Physical gas prices eased about 3 cents overall Tuesday, and declines were within a relatively narrow range across the country. Eastern markets saw a strengthening in basis, but next-day prices eased with unsupportive weather being cited. Pipelines in Southern California were back in balance from an operational flow order earlier in the week and next-day prices eased. At the close of futures trading July had risen 1.4 cents to $2.232 and August was up by 2.4 cents to $2.287. July crude oil added 62 cents to $83.32/bbl.
Next-day prices at eastern points eased, but basis differentials improved. “Things have improved some.
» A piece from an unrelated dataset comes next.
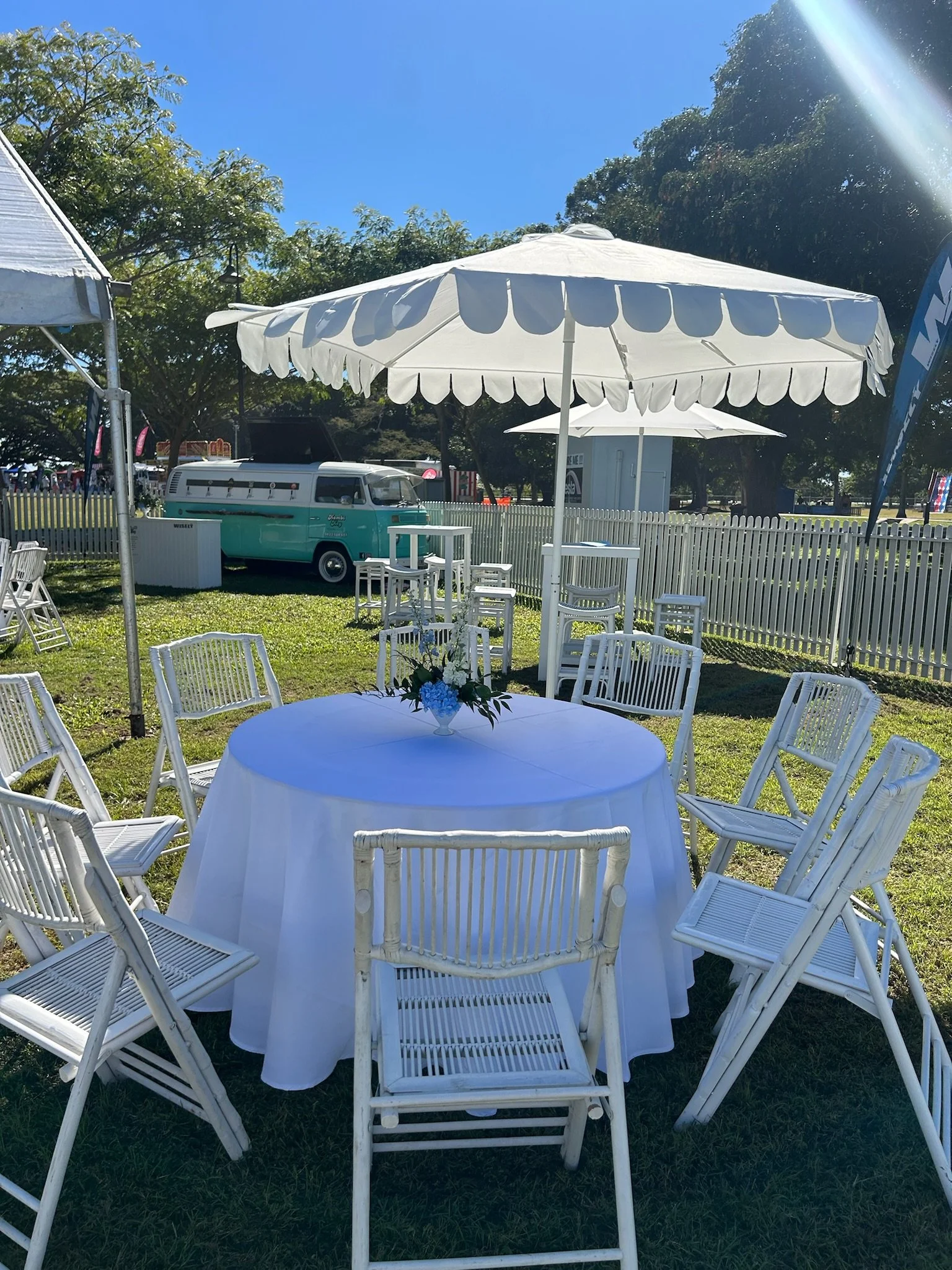 Outdoor event setup with a round table covered in a white tablecloth, surrounded by white chairs, with a large white umbrella overhead, a vintage teal van in the background, and trees under a sunny sky.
July Algonquin basis was at 15 cents earlier, but now it’s 37 cents bid at 40. It can only get so strong. Dawn is pretty weak. Dawn [basis] is at about 14 cents for the July,” said an eastern marketer.
“There is just no weather. The question is whether gas at these prices will drive more coal under the [generating] stack given where Nymex is. Once it gets to summer and if it’s hot, you need all your generation going. Maybe it doesn’t do anything to price.”
Quotes at Algonquin Citygate and Iroquois Waddington fell about a nickel, and next-day deliveries on Tennessee Zone 6 200 L were down about a penny.
Farther south, next-day gas delivered to Tetco M-3 fell about a nickel, and deliveries to Transco Zone 6 New York slipped a couple of cents.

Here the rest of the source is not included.